**Exercise material**.
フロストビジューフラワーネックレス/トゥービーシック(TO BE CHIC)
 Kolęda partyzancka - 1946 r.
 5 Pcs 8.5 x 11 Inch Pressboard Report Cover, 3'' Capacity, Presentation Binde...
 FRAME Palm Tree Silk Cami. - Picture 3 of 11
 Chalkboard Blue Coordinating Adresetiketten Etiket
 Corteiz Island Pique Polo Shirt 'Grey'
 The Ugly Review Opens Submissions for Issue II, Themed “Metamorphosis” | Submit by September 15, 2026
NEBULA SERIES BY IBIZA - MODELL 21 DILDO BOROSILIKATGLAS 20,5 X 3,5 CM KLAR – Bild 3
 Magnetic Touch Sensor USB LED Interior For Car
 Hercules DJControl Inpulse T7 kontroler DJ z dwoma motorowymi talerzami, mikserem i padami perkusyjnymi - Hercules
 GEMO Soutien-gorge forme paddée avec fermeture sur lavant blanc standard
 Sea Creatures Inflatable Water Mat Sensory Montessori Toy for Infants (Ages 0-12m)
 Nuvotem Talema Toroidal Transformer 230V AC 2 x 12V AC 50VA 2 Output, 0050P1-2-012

**Task**. Would you copy the whole listing exactly?

**Exercise answer**.
フロストビジューフラワーネックレス/トゥービーシック(TO BE CHIC)
 Kolęda partyzancka - 1946 r.
 5 Pcs 8.5 x 11 Inch Pressboard Report Cover, 3'' Capacity, Presentation Binde...
 FRAME Palm Tree Silk Cami. - Picture 3 of 11
 Chalkboard Blue Coordinating Adresetiketten Etiket
 Corteiz Island Pique Polo Shirt 'Grey'
 The Ugly Review Opens Submissions for Issue II, Themed “Metamorphosis” | Submit by September 15, 2026
NEBULA SERIES BY IBIZA - MODELL 21 DILDO BOROSILIKATGLAS 20,5 X 3,5 CM KLAR – Bild 3
 Magnetic Touch Sensor USB LED Interior For Car
 Hercules DJControl Inpulse T7 kontroler DJ z dwoma motorowymi talerzami, mikserem i padami perkusyjnymi - Hercules
 GEMO Soutien-gorge forme paddée avec fermeture sur lavant blanc standard
 Sea Creatures Inflatable Water Mat Sensory Montessori Toy for Infants (Ages 0-12m)
 Nuvotem Talema Toroidal Transformer 230V AC 2 x 12V AC 50VA 2 Output, 0050P1-2-012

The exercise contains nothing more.